## Supplied data:
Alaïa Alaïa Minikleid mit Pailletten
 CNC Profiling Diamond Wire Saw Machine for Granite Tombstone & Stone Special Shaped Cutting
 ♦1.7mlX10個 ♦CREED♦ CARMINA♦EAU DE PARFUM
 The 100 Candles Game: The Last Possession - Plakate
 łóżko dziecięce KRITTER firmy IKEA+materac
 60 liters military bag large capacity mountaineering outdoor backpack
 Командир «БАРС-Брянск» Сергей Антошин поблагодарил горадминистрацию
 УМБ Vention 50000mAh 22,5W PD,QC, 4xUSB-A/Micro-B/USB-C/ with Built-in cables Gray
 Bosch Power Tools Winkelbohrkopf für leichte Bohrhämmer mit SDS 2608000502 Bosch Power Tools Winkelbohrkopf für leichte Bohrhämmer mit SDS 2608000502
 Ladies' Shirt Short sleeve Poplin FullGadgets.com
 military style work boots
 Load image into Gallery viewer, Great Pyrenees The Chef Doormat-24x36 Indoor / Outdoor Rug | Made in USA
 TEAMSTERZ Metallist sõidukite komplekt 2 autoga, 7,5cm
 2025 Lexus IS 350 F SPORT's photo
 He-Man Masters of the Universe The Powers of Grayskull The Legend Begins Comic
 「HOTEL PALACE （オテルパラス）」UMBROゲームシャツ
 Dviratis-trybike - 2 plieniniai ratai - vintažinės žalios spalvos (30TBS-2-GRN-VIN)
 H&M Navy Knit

## Task:
Please print verbatim each line from the first line of the entries above to the line that contains "Dviratis-trybike - 2", inclusive, and nothing more.

## Exercise output:
Alaïa Alaïa Minikleid mit Pailletten
 CNC Profiling Diamond Wire Saw Machine for Granite Tombstone & Stone Special Shaped Cutting
 ♦1.7mlX10個 ♦CREED♦ CARMINA♦EAU DE PARFUM
 The 100 Candles Game: The Last Possession - Plakate
 łóżko dziecięce KRITTER firmy IKEA+materac
 60 liters military bag large capacity mountaineering outdoor backpack
 Командир «БАРС-Брянск» Сергей Антошин поблагодарил горадминистрацию
 УМБ Vention 50000mAh 22,5W PD,QC, 4xUSB-A/Micro-B/USB-C/ with Built-in cables Gray
 Bosch Power Tools Winkelbohrkopf für leichte Bohrhämmer mit SDS 2608000502 Bosch Power Tools Winkelbohrkopf für leichte Bohrhämmer mit SDS 2608000502
 Ladies' Shirt Short sleeve Poplin FullGadgets.com
 military style work boots
 Load image into Gallery viewer, Great Pyrenees The Chef Doormat-24x36 Indoor / Outdoor Rug | Made in USA
 TEAMSTERZ Metallist sõidukite komplekt 2 autoga, 7,5cm
 2025 Lexus IS 350 F SPORT's photo
 He-Man Masters of the Universe The Powers of Grayskull The Legend Begins Comic
 「HOTEL PALACE （オテルパラス）」UMBROゲームシャツ
 Dviratis-trybike - 2 plieniniai ratai - vintažinės žalios spalvos (30TBS-2-GRN-VIN)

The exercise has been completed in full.